In Bucket name, enter a DNS-compliant name for your bucket. You will use this in a later step to replace the YOURS3BUCKETNAME variable.
In Region, choose the AWS Region where you want the bucket to reside.

Note: It’s recommended to create the Amazon S3 bucket in the same AWS Region as Amazon Cognito.
Look up the region code from the region table (for example, US-East [N. Virginia] has a region code of us-east-1). You will use the region code to replace the variable YOUR_REGION in a later step.
Choose Next.
Select the Versioning checkbox.
Choose Next.
Choose Next.
Choose Create bucket.
Select the bucket you just created from the Amazon S3 bucket list.
Select the Properties tab.
Choose Static website hosting.
Choose Use this bucket to host a website.
For the index document, enter index.html and then choose Save.

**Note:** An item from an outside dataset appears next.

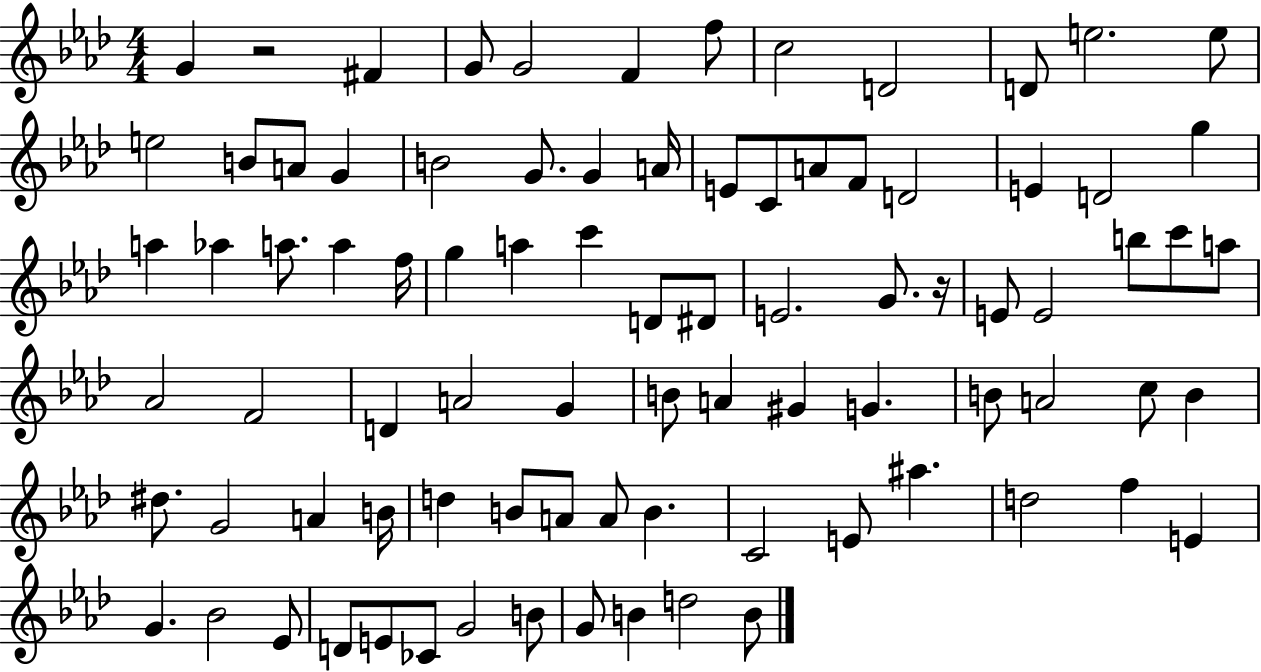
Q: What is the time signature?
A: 4/4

Step 5. Create a CloudFront distribution

Amazon CloudFront is a fast content delivery network service that helps securely deliver data, videos, applications, and APIs to customers globally with low latency and high transfer speeds—all within a developer-friendly environment. In this step, we use CloudFront to set up an HTTPS-enabled domain for the static website hosted on Amazon S3.

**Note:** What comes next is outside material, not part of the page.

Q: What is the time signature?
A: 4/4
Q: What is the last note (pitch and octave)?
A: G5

Create a CloudFront distribution (web distribution) with the following modified default settings:

Sign into the AWS Management Console and open the CloudFront console.
Choose Create Distribution.
On the first page of the Create Distribution Wizard, in the Web section, choose Get Started.
Choose the Origin Domain Name from the dropdown list. It will be YOURS3BUCKETNAME.s3.amazonaws.com.
For Restrict Bucket Access, select Yes.
For Origin Access Identity, select Create a New Identity.
For Grant Read Permission on Bucket, select Yes, Update Bucket Policy.
For the Viewer Protocol Policy, select Redirect HTTP to HTTPS.
For Cache Policy, select Managed-Caching Disabled.
Set the Default Root Object to index.html.(Optional) Add a comment. Comments are a good place to describe the purpose of your distribution, for example, “Amazon Cognito SPA.”
Select Create Distribution. The distribution will take a few minutes to create and update.
Copy the Domain Name. This is the CloudFront distribution domain name, which you will use in a later step as the DOMAINNAME value in the YOUR_REDIRECT_URI variable.

Step 6. Create the app

Now that you’ve created the Amazon S3 bucket for static website hosting and the CloudFront distribution for the site, you’re ready to use the code that follows to create a sample app.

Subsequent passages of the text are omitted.